The place has been around since 1960 when, under the name "Piggy Park", it was more of a drive-in with the standard hamburger and hot-dog menu along with barbecue. The hamburgers and hotdogs are still on the menu, but over the years the barbecue has moved more into the foreground, and somewhere along the line the old drive-in building was replaced with a new building that is two restaurants in one. On the left side is the country buffet, which apparently is one of those all-you-can-eat things with barbecue plus a whole bunch of other southern cooking. I've never actually ventured onto the left side because I always head to the right into the sandwich shop, where you can get barbecue sandwich baskets as well as pork or rib platters.
The new building is done up in a rather hokey, sanitized farm look that bears more than a passing resemblance to the set of Hee-Haw. But, the Big Joe Basket is excellent--a large sandwich with fries, slaw, and a big ole onion ring.
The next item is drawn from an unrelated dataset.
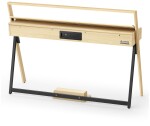 DONNER Oura R300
The meat has good smoky flavor and comes topped with that sweet yellow mustard-based sauce--not enough to drown the barbecue flavor but enough to give it a zip. One thing I like in particular are the pictures on the wall of the restaurant dating back to the old drive-in days.
If you want a taste of classic South Carolina mustard barbecue, I would highly recommend stopping into one of the Bessinger brothers' places.